Data to process START
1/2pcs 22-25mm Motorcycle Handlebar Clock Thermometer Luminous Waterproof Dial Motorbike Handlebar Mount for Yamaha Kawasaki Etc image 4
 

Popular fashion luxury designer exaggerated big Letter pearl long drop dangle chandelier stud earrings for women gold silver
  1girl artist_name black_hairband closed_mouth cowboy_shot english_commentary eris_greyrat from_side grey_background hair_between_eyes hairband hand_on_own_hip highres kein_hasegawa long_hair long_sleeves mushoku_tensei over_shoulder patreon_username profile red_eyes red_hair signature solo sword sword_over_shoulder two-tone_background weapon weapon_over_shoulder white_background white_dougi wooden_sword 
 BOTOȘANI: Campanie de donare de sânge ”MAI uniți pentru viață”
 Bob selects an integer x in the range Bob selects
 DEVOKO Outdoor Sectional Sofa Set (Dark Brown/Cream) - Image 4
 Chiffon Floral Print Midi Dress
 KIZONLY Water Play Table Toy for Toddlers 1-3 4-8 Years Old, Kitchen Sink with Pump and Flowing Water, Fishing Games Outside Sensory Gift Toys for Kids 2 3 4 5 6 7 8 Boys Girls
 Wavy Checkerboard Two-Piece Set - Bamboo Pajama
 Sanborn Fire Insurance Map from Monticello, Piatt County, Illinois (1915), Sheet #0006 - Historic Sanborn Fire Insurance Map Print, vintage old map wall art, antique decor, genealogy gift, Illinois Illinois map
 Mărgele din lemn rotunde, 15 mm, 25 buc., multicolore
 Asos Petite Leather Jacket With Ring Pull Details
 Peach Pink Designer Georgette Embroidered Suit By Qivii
Data to process END
> _Exercise brief_
Look over the records above, and wherever a line contains the string "Print", copy that line.

> _Exercise response_
 Chiffon Floral Print Midi Dress
 Sanborn Fire Insurance Map from Monticello, Piatt County, Illinois (1915), Sheet #0006 - Historic Sanborn Fire Insurance Map Print, vintage old map wall art, antique decor, genealogy gift, Illinois Illinois map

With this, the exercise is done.